Genesis 12:1-4a; John 3.1-7
+ I know
this doesn’t come as a surprise to anyone here this morning, but…I love to
talk. I love to just gab about anything for hours on end. So, of course, whenever anyone asks me to
speak at any kind of gathering, I do it.
This past
week I spoke at one such gathering for a dear friend and former parishioner
from the Cathedral. She asked me to speak to a group of people who gather on a
monthly basis to talk about different issues. I read some poems for them, which
they enjoyed, but they were endlessly fascinated with the fact that I was a
priest, for some reason. Most of the questions were about what is it like
priest, what do I do in a day,
At some
point in our conversation, we had a conversations about the difference between
priests and Presbyterian pastors for some reason. And in the course of that
discussion, I mentioned that, well, we’re all ministers.
There was
a shocked hush that came across the room. They were somewhat struck by that.
So, I
repeated it and said, “we’re all ministers.”
They just
didn’t get it.
I don’t
think I need to worry about such a reaction this morning. Most of us know that,
for us, we are all ministers. We are all doing ministry together here. I am
just the priest doing ministry in my own way. And each of you are doing
ministry in your own ways as well.
I should
be clearer about that. Our ministry together is not just in what we do. It is in who we are. Our ministry is often a
ministry of who we are. Of our
personalities. Of the person that God has created, even in our very brokenness.

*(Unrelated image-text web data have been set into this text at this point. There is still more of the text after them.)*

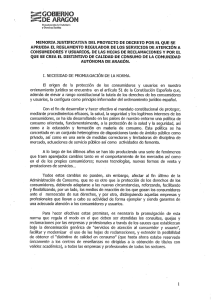 Page 1 =GoBIERNo #DE ARAGON Departamento de Ciudadanía y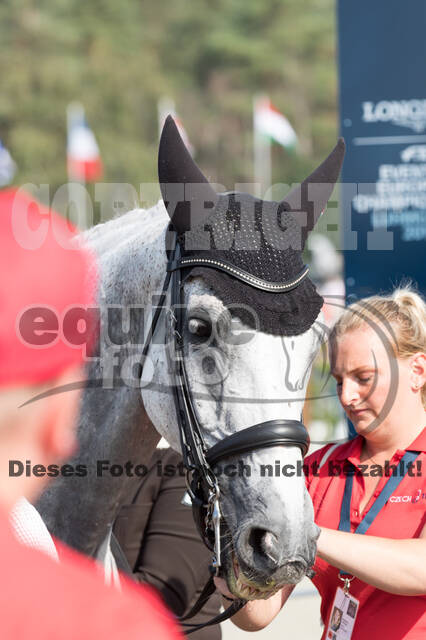 FEI European Championship Eventing 2019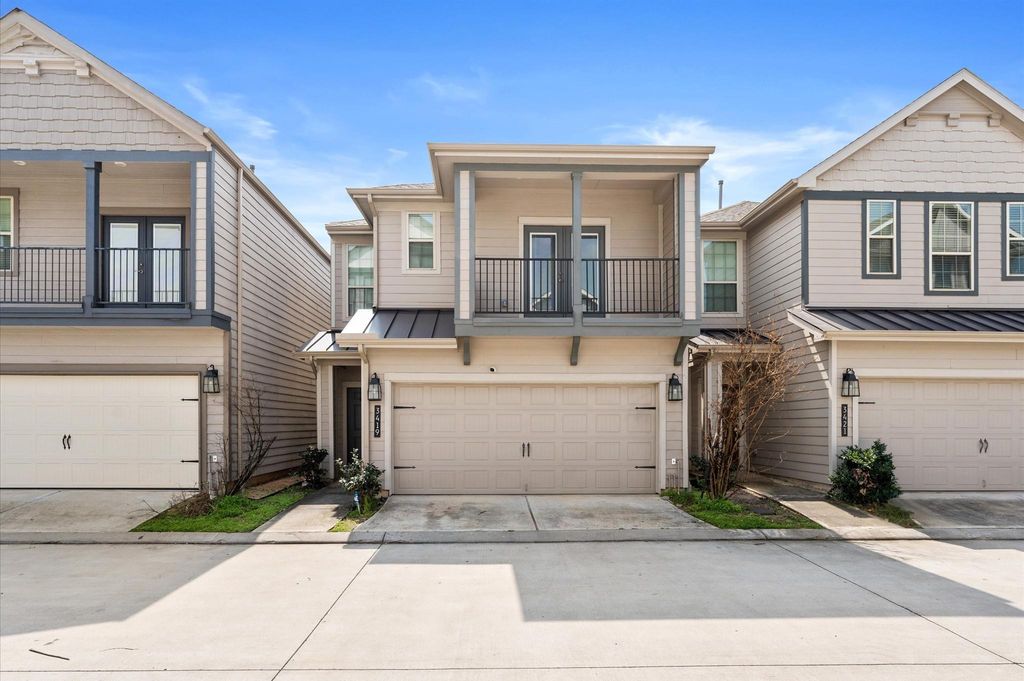 3419 Avondale View Drive, Houston, TX 77025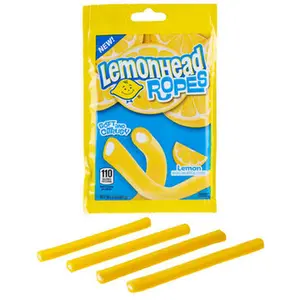Lemonhead Ropes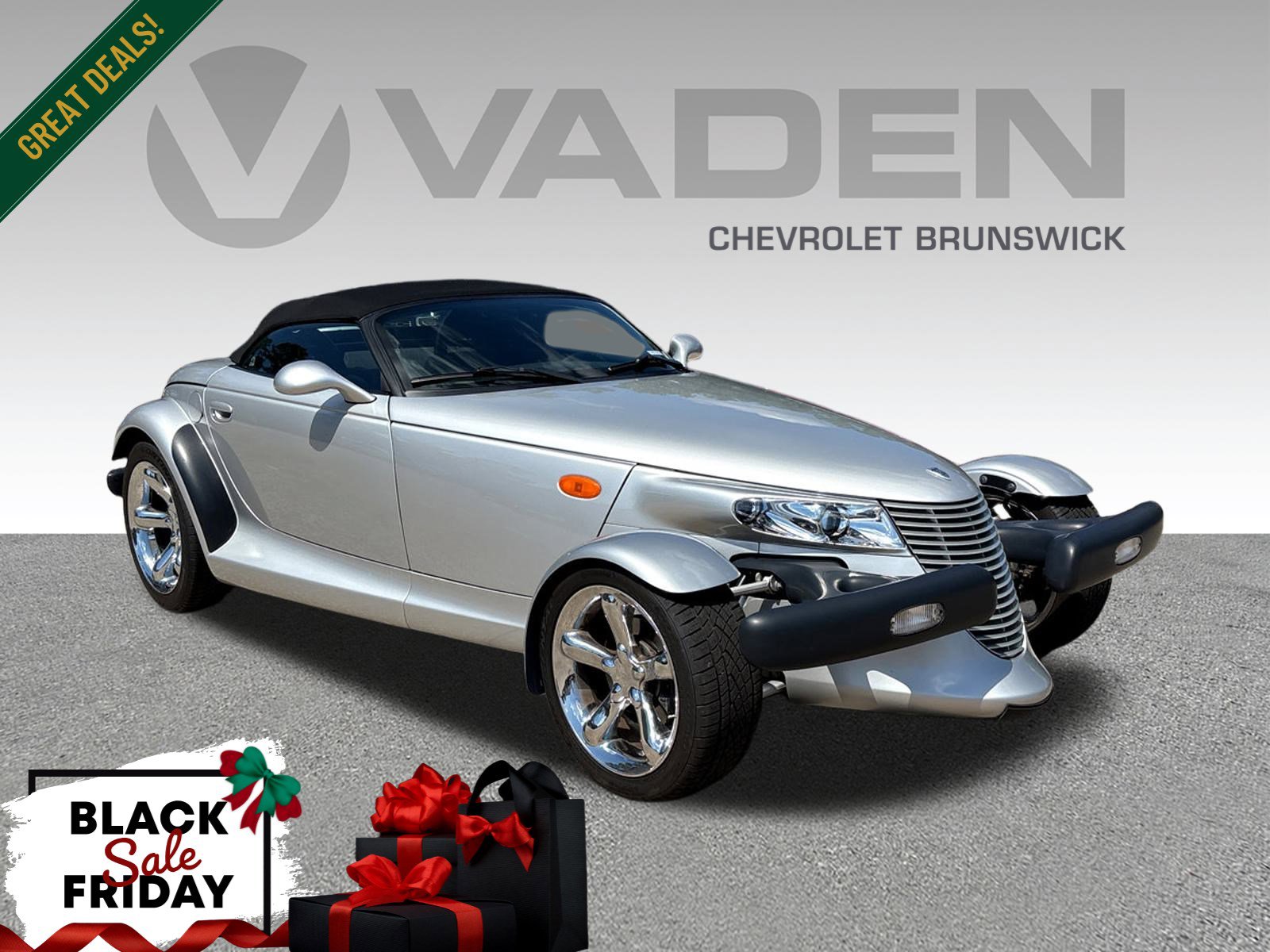Used 2000 Plymouth Prowler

It’s all bound up very tightly together.
And if
each of us listens, if each of strains our spiritual ears and hearts toward
God, we can hear that calling, deep in our hearts. We can find that God is calling us to the
ministry of our day-to-day lives, the ministry of the person God has formed us
to be, the ministry to serve others in the way God sees fit.
In our
reading from the Hebrew Bible this morning, we find a clear call from God to
Abram.
“Go from
your country and your kindred and your father’s house to a land that I will
show you.”
Essentially
this is the call to all of us who are in ministry. God calls to us wherever we may be and when
that happens, we must heed it. We must
step out from our comfortable places, and we must step out into our service to
others even if that means going to those people in strange and alien places. And sometimes when we step into those
uncomfortable places, we are made all the more aware of our own brokenness—we
become even more vulnerable.
But
that’s just a simple fact in ministry: when God calls, God calls heedless of
our brokenness. In fact, God calls us
knowing full well our brokenness. And—and
I hope this isn’t news to anyone here this morning—God uses our brokenness. God can truly work through our brokenness and
use our fractured selves in reaching out to other fractured people.
For too
many people our brokenness divides us. It
separates us. It isolates us. It prevents us from moving forward in our
lives and ministries. And when it does,
our brokenness becomes a kind of condemnation. It becomes the open wound we must carry with
us—allowed by us to stink and fester.
But when
we can use our brokenness to reach out in love, when we allow God to use our
brokenness, it is no longer a curse and a condemnation. Our brokenness becomes a fruitful means for
ministry. It becomes a means for renewal
and rebirth. It becomes the basis for
ministry—for reaching out and helping those who are broken and in need around
us.
In our Gospel
reading for today we get that all-too-familiar bit of scripture.
“For God
so loved the world that he gave his only Son, so that everyone ho believes in
him may not perish but have eternal life.”